Eric’s dedication paid off in 2010 when he placed sixth in the FCIAC Indoor Track Championships in the 55-meter hurdles and eighth in the FCIAC Outdoor Track Championships in the 110-meter hurdles.

Todd became more involved in hurdling when he was a junior, even though he tried the event sometimes during his underclassmen years.

“I used to run long distance and I saw Eric doing really well with hurdling so I thought to myself, “‘I can do this,’” Todd said.

To some, the lines of hurdles ahead may seem daunting. To Todd, it’s just another track and field event.

“Competing in hurdling is just like competing in any other spring event. [Hurdling] is practically a spring race with some obstacles in the way,” Todd said.

However simple Todd perceives the event to be, hurdling is a track and field race that requires runners to have a precise technique in order to successfully complete the course.

“Many hurdlers are not the fastest runners, but they have great technique which allows them to succeed.

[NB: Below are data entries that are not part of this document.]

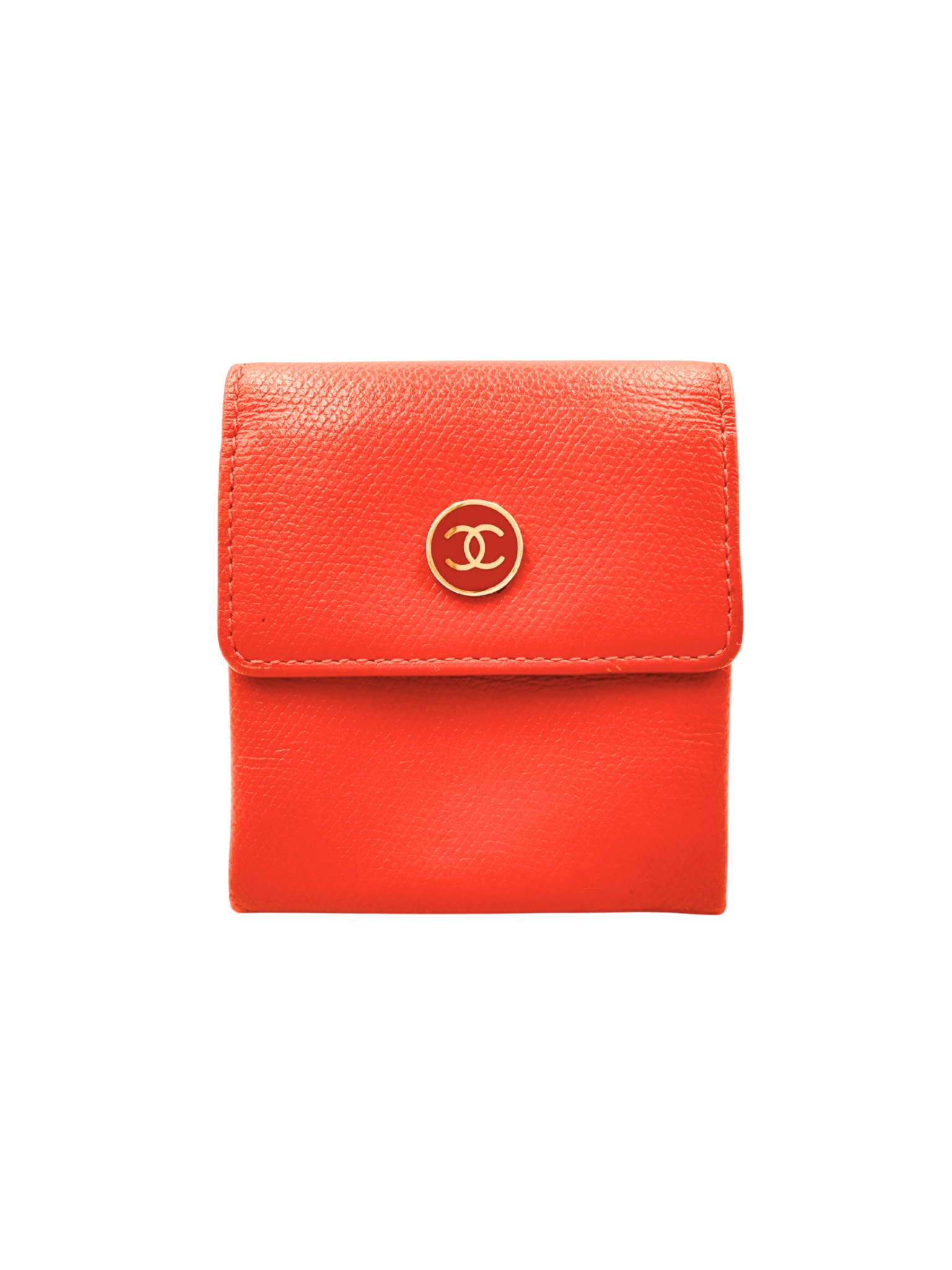 Vintage CC Compact Wallet in Orange Calfskin Leather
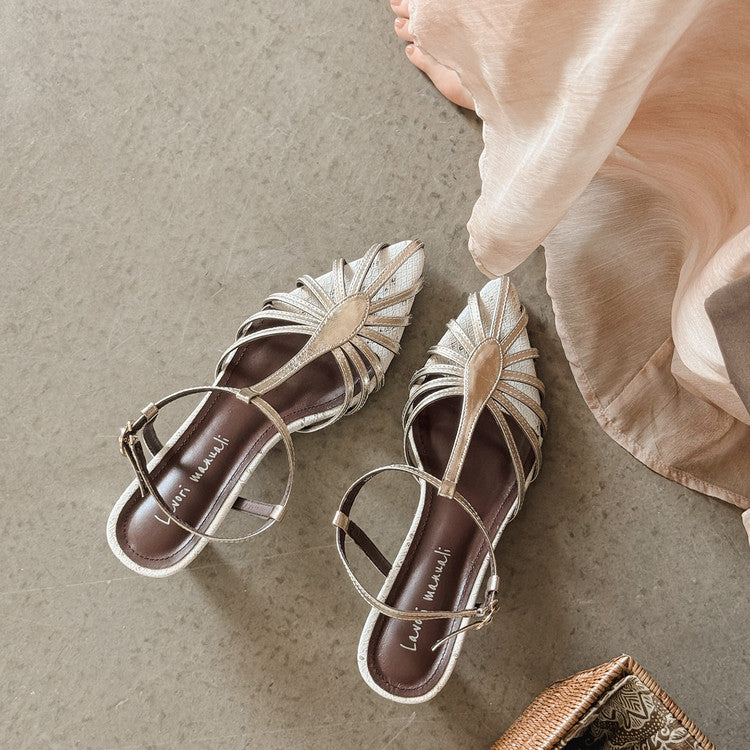 Karin Luna In Stock Spot Goods Open-toe French Style Metal Heel Sandals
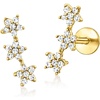 image:imagePure Collection by RossSimons 010 ct tw Diamond 3Star FlatBack Earrings in 14kt Yellow Gold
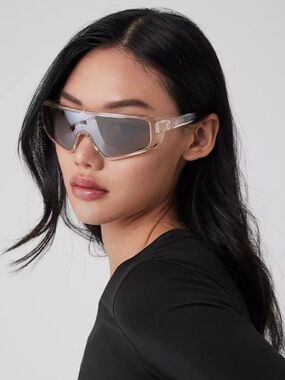 ALO Yoga Clear Frame Shield Sunglasses with Silver Lenses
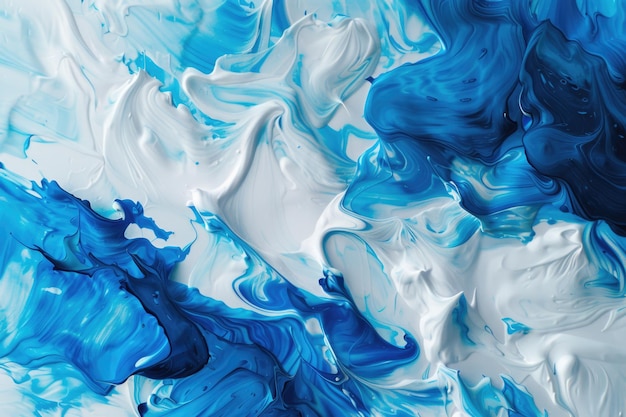 Foto miscelazione astratta di colori blu e bianco che crea una superficie irregolare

A good hurdler never loses his momentum; hurdling is a rhythmic and sequential event,” Head Coach Laddie Lawrence said.

Liz Moyer ’11, a Staples hurdler since her freshman year, describes the complex act of hurdling.

“The first half of actually jumping the hurdle is getting your leg position right and the second is coordinating your arms when you’re in the air,” Moyer said.

Tyler Book ’11, a four-year hurdler, believes that in order to master this hurdling technique Moyer describes, one must be flexible.

“One of the most important things we do before we start practicing going over hurdles is we stretch the muscles in our legs,” Book, who placed thirteenth at the FCIAC Indoor Track Championships in the 55-meter hurdles, said.

Some exercises that hurdlers do to increase their flexibility are stretching on the hurdles and doing exercises that involve stepping over the hurdles.

“We also train by doing spring workouts—for speed is still the name of the game,” Todd said.

In addition to increasing flexibility and endurance the athletes weight train, with a major focus on their legs.

Moyer gives reason as to why hurdlers define their leg muscle. “You want to be able to move [your legs] as quickly as possible so you don’t lose too much air-time,” she said.

Overall, Moyer recognizes that the hurdling technique is made up of not only flexibility, but also rhythm and form. Aside from physical technique, runners must also be spatially and self aware while racing.

“Most events in track, once you start, you just keep going until you’re finished. Hurdles is one of those few events where constant in-race adjustments need to be made. So knowing why you’re doing what you’re doing is every bit as necessary as being able to do it,” Book said.

Lawrence concurs with Book but recognizes that sometimes it takes a while for runners to be able to successfully jump over the hurdle.

“The hardest part about hurdling is not being afraid of the hurdles, which many people are. We have rubber hurdles we train with which people are not as hesitant to jump over because they know it won’t hurt,” Lawrence said.

Not only do hurdlers have to perform with great precision, but at each meet there is more pressure on the runner because they each get only one trial per meet.

“During each meet you only get one try, so whatever you get during that first try sticks with you,” Eric said.

At each meet, hurdlers are placed in heats that are categorized by a runner’s past times.

“The fast people per school run together in one heat, then the next fastest in the next, and so on and so forth,” Moyer said.

It is only during the FCIAC and State tournaments when the runners hurdle in preliminary heats and then the top finishers qualify to succeeding rounds and therefore, race in more than one trial during the meet.

Overall, Book believes that “success in hurdling is based largely on the runner’s ability to master the technique of going over the hurdle as efficiently as possible.” In order to achieve this goal Book has been working to stay low and minimize his time in the air.

Moyer also has her own goals for the season, like attempting to get off the starting block faster. Moyer explains that if she succeeds at this her times will become faster.

Hurdling is a complex sport that requires self-determined athletes to run the course, but, “In the end, [it] is really just a sprinting race with a few barriers that require a unique striding technique,” Eric said.